▶ [Work request]: Using the listing below, show all lines that hold the word "your".

▶ [Information]:
━━━━━━━━━━
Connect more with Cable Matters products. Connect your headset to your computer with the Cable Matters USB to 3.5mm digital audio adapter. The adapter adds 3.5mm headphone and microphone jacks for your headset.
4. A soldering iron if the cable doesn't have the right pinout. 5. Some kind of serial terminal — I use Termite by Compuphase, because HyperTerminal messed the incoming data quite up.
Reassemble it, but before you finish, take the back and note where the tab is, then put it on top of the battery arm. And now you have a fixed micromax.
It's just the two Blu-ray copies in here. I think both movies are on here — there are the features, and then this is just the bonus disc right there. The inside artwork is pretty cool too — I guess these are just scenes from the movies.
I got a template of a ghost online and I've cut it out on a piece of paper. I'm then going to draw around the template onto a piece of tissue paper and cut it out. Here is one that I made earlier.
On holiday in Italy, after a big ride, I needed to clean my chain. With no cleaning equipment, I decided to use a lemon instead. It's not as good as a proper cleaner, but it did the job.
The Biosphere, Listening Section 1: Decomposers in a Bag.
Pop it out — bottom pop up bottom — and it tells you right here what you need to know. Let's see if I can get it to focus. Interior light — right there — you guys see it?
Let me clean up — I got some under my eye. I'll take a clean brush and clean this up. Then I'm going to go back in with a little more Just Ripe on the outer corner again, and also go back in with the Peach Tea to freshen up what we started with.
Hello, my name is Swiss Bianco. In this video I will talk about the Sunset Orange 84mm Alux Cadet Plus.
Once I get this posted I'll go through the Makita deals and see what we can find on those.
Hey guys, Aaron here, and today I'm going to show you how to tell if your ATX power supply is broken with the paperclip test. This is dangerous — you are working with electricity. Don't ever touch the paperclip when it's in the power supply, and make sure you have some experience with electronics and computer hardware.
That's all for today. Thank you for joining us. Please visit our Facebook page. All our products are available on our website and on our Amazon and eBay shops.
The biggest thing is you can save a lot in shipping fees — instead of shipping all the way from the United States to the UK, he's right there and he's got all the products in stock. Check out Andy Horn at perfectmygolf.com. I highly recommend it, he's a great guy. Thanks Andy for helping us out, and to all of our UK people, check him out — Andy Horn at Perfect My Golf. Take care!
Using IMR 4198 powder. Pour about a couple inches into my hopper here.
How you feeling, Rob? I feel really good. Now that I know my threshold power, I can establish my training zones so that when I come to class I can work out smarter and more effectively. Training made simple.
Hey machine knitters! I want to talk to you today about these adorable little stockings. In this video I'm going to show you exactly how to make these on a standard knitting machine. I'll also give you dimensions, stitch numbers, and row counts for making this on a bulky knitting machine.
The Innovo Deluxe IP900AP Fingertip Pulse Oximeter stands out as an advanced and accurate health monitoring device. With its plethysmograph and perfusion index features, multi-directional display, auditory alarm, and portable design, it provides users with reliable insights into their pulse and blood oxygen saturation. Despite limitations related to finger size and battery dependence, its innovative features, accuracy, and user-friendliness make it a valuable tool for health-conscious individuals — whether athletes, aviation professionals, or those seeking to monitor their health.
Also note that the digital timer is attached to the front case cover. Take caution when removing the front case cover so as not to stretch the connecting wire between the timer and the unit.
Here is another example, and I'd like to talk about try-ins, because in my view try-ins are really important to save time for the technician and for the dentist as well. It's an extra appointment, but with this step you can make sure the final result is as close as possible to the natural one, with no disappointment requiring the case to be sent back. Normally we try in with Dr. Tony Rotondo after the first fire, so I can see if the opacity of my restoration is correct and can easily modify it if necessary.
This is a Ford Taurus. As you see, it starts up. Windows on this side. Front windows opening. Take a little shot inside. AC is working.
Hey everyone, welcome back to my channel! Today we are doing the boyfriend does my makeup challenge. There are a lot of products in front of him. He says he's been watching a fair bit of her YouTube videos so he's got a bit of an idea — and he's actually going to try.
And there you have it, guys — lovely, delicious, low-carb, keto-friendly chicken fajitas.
━━━━━━━━━━
▶ [Written solution]:
Connect more with Cable Matters products. Connect your headset to your computer with the Cable Matters USB to 3.5mm digital audio adapter. The adapter adds 3.5mm headphone and microphone jacks for your headset.
Hey guys, Aaron here, and today I'm going to show you how to tell if your ATX power supply is broken with the paperclip test. This is dangerous — you are working with electricity. Don't ever touch the paperclip when it's in the power supply, and make sure you have some experience with electronics and computer hardware.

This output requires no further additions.